Keith J. Kelly

Keith J. Kelly

Media

Ebony and Jet magazines laying off remaining editorial staff

Ebony and Jet magazines have been laying off their remaining editorial staff en masse after failing to make payroll last month — the latest in a long line of slights suffered by workers at the hands of the company’s private-equity owners.

Axed employees say they are “rubbing pennies together” to make ends meet. One ex-staffer even claims her company-sponsored retirement account may have been shortchanged.

Insiders said the problems started in late May when private equity firm Clear View Group out of Austin, Texas — which purchased the prominent African American publications three years ago from Johnson Publishing — told staffers in Chicago that they would be suspending the print edition of 74-year-old Ebony on May 24.

At least seven staffers were laid off, sources said.

Jet, a once-popular digest-size magazine, was saved because it went all-digital several years earlier, when it was still owned by Johnson Publishing.

The company held a town hall meeting a few days later, on Tuesday, May 28, and assured remaining digital staffers that they were safe, sources said.

But that was followed by a jarring memo on May 30 warning staffers about problems making payroll.

“As a result of a delay in receiving expected capital this week, there will be a delay in payroll this pay period on 5/31/19,” said the memo, a copy of which was obtained by Media Ink.

“We are working diligently with our capital source to get the payroll processed as soon as possible next week,” the firm said.

But that never happened.

The digital workers, who were mainly based in New York, then refused to work until they were paid, said Joshua David, who was the company’s director of social media based in LA before he was suddenly axed on June 7, along with three digital writers, one videographer, two ad staffers and chief content officer Sunny Singh.

Singh did not return a call for comment.

“Your position is being terminated,” David was told in an email. “We don’t know when we will be able to pay you your expenses and wages, but will send you a break down of the money we owe you.”

“I worked my a– for that company,” said David, who says he is owed as much as $10,000. “It’s heartbreaking to see what is happening. I’ve been rubbing pennies together when I go on interviews.”

A second staffer who asked not to be named said she has noticed that 401(k) contributions the company deducted from her paycheck over 11 pay periods have not yet been added to her account. She even called the account’s broker, Trans America, to ask what happened and was told no money has been forwarded for those biweekly pay periods.

David said he has not been affected by the problem but has heard from other employees who have.

“We don’t comment on personnel matters,” said Michael Gibson, head of Clear View Group, which owns the publications through an entity called Ebony Media Operations. He didn’t return a request for comment about the 401(k) claims.

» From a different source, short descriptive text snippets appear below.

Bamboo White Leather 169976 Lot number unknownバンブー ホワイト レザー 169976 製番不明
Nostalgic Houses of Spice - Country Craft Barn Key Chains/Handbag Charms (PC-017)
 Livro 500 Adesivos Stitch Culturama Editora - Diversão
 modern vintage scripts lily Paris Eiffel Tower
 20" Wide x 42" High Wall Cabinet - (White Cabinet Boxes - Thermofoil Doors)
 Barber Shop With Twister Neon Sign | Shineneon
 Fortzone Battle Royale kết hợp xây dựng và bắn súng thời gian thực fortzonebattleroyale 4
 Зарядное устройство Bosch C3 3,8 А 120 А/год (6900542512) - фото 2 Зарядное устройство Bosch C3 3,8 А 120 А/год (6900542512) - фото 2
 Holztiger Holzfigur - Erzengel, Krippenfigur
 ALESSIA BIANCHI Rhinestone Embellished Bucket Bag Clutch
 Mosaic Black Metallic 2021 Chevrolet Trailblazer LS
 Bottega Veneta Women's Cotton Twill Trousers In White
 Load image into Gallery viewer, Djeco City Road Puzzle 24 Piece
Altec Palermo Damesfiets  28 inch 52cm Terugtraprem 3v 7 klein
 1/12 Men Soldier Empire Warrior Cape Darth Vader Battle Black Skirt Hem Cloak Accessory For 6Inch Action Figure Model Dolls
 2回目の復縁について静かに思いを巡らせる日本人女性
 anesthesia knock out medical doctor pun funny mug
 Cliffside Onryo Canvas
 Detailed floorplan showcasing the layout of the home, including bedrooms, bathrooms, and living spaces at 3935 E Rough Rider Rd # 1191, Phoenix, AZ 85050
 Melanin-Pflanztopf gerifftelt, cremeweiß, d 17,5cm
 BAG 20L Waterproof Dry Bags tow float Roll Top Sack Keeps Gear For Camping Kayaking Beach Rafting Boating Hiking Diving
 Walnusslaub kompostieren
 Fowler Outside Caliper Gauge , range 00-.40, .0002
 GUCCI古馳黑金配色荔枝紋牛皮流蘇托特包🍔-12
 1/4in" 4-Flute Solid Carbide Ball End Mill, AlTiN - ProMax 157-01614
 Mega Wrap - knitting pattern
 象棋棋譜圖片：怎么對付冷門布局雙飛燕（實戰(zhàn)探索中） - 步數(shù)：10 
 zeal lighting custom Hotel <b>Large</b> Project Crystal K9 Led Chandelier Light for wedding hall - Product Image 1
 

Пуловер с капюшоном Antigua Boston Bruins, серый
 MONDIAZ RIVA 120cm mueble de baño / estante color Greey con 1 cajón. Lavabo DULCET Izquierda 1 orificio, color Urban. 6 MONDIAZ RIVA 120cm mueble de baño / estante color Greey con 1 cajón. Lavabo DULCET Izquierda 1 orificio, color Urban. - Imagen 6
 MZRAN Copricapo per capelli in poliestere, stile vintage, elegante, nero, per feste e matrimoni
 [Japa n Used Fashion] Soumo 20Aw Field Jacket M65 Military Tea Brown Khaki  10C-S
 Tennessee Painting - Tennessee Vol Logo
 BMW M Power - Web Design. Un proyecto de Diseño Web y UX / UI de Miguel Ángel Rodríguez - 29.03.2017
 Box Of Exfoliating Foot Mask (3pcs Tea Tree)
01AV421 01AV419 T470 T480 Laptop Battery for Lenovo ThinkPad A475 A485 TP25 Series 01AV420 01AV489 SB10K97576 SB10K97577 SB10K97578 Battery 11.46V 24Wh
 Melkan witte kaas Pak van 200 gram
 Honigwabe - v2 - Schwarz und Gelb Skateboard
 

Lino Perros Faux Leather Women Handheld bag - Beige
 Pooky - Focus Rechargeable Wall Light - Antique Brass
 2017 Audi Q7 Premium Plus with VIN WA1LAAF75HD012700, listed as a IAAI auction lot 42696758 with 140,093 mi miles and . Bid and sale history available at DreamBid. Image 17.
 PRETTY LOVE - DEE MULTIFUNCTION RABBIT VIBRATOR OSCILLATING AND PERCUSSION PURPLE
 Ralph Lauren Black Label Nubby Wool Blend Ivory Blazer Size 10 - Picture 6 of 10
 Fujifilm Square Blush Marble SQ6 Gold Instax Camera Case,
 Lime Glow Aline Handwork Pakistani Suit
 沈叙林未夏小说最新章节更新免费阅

It’s the latest in a long line of employee grievances stretching back to at least November 2018, when the company informed staffers that it would be suspending dental, vision and disability coverage and would only revisit the idea of reinstating the benefits during the next open enrollment period in June.

The company said employees would be reimbursed for payments made in August and September, suggesting that money withdrawn from paychecks had not been forwarded to the health care provider.

Then on Jan. 3, the company said it was canceling all other medical benefits. “Effective immediately Ebony Media Operations will no longer offer health benefits, including HSA plans,” said a memo obtained by Media Ink.

In an unrelated development, business is not much better for the Johnson family that founded Ebony and Jet and sold them to Clear View in 2016. That company declared Chapter 7 bankruptcy on April 9 and was preparing a court-supervised auction of its assets.

After exiting the magazine business, the company branched into a cosmetics line it retained from Linda Johnson Rice, the daughter of John Johnson, who started Ebony in 1945.

Johnson Publishing also retained the photo archives that included photos of entertainers, civil rights leaders and prominent African American businessmen and -women. The archive also boasts one of the most dramatic photos of the civil rights era: the badly disfigured body of 14-year-old Emmett Till laid out in a coffin.

The Chicago native was accused of offending a white woman during a trip to Mississippi, which led to barbed wire being tied around his neck before he was thrown naked into a river with a 75-pound weight tied to him.

The photo by David Jackson appeared first in Jet in 1955 and became a searing reminder of racism in the Deep South at the time.

The Johnson Publishing bankruptcy listed assets of between $10 million and $50 million.